What needs to be done — Return each line of the listing exactly, though without its images.

Dataset extract —
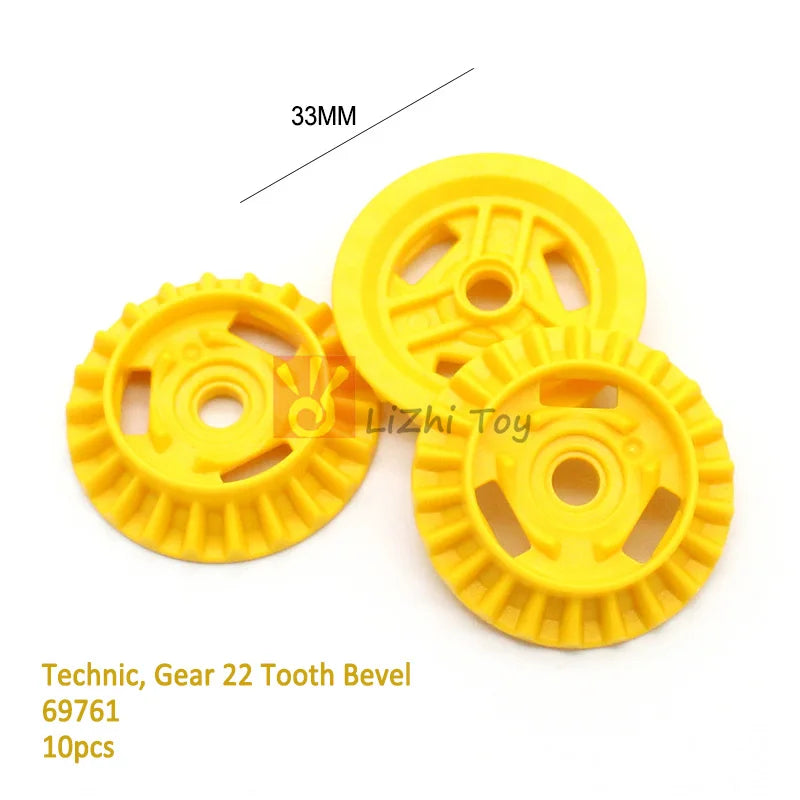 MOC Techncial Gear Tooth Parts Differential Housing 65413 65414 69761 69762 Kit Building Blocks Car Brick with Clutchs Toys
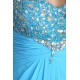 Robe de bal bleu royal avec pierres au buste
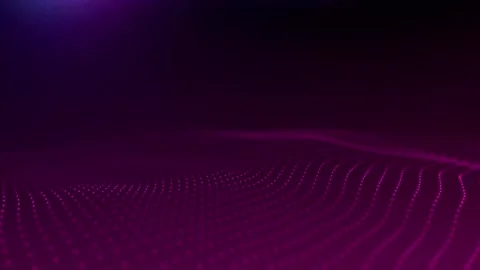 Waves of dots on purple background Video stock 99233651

Problem solution —
 MOC Techncial Gear Tooth Parts Differential Housing 65413 65414 69761 69762 Kit Building Blocks Car Brick with Clutchs Toys
 Robe de bal bleu royal avec pierres au buste
 Waves of dots on purple background Video stock 99233651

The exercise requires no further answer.